The slow movement is somewhat astonishing, to be honest. This is chamber-music at its best in a concerto that doesn’t always make that distinction a cohesive one. Otaka and Goerner take their time over the movement – but when the outcome is this beautiful and languid, when you really sense the nocturnal shifts in the music, the risk pays off. Many pianists seem to find themselves off-balance in the last movement because it is so much lighter – but because Goerner has avoided being over-weighty elsewhere this movement just seems to follow on naturally from everything else before it. Goerner’s finger-work is exemplary – rising double thirds are assured – and you feel the music is in tempo here, even if it probably hasn’t been elsewhere.

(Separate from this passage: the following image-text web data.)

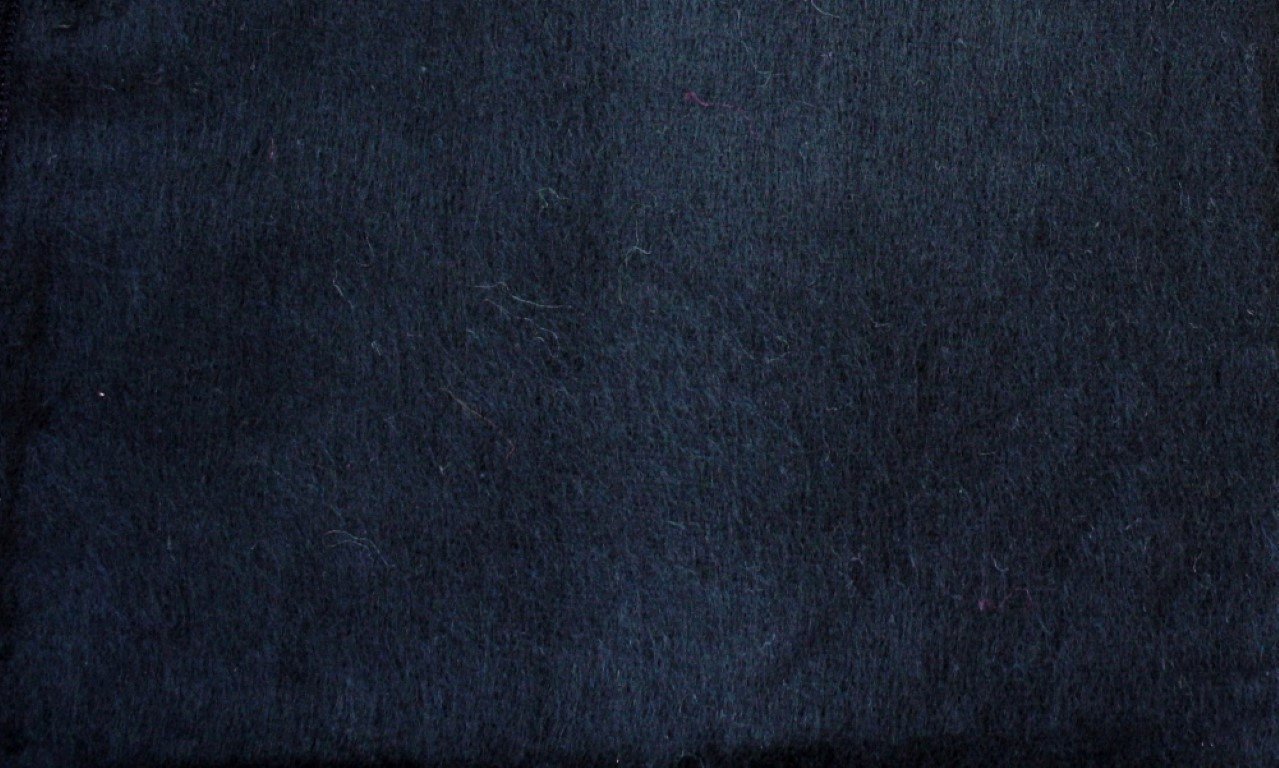 Close-up of dark blue fabric texture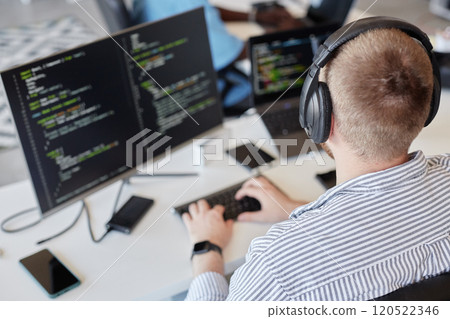 Man wearing headphones sitting at desk working on coding project on dual monitors. Image shows work environment with various devices and tools surrounding him Man wearing headphones sitting at desk working on coding project on dual monitors. Image shows work environment with various devices and tools surrounding him 120522346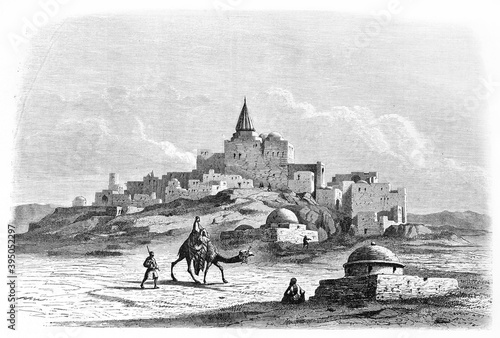 Jonah's tomb at Nineveh (destroyed by ISIS in 2014) on a desertic landscape with arabian small town. Ancient grey tone etching style art by Flandin, Le Tour du Monde, Paris, 1861 photo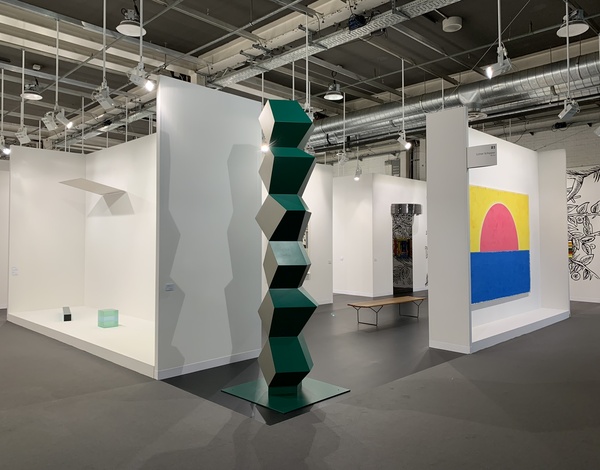artistic dark green cube sculpture between white exhibition walls in event hall with dark grey Rewind carpet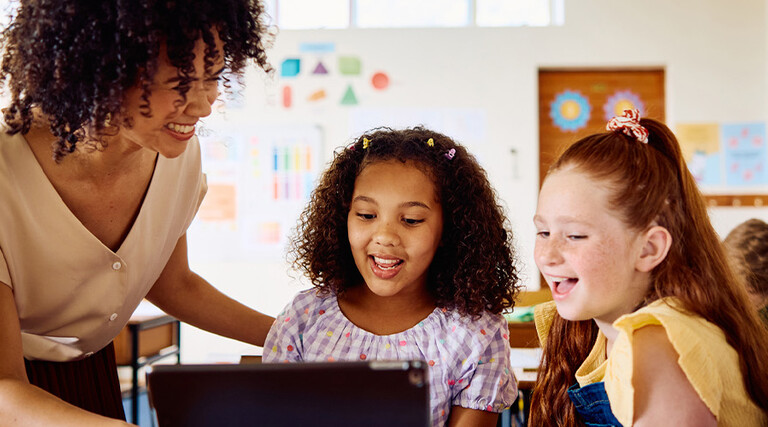 Students using tech in the classroom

There is something particularly well-thought out about this performance that makes it compelling. Pianists and conductors can often take a very different view of this concerto with the result that the work can feel like two performances rather than a single performance. The intertwining of a narrative between the orchestra and the pianist – the essence of great chamber-music – is particularly strong here, but so, too, is the sense that both Otaka and Goerner are just letting Brahms’s score unfold. It often feels like an event, a rather special experience, but I suspect one that Nelson Goerner would probably play very differently under another conductor and orchestra.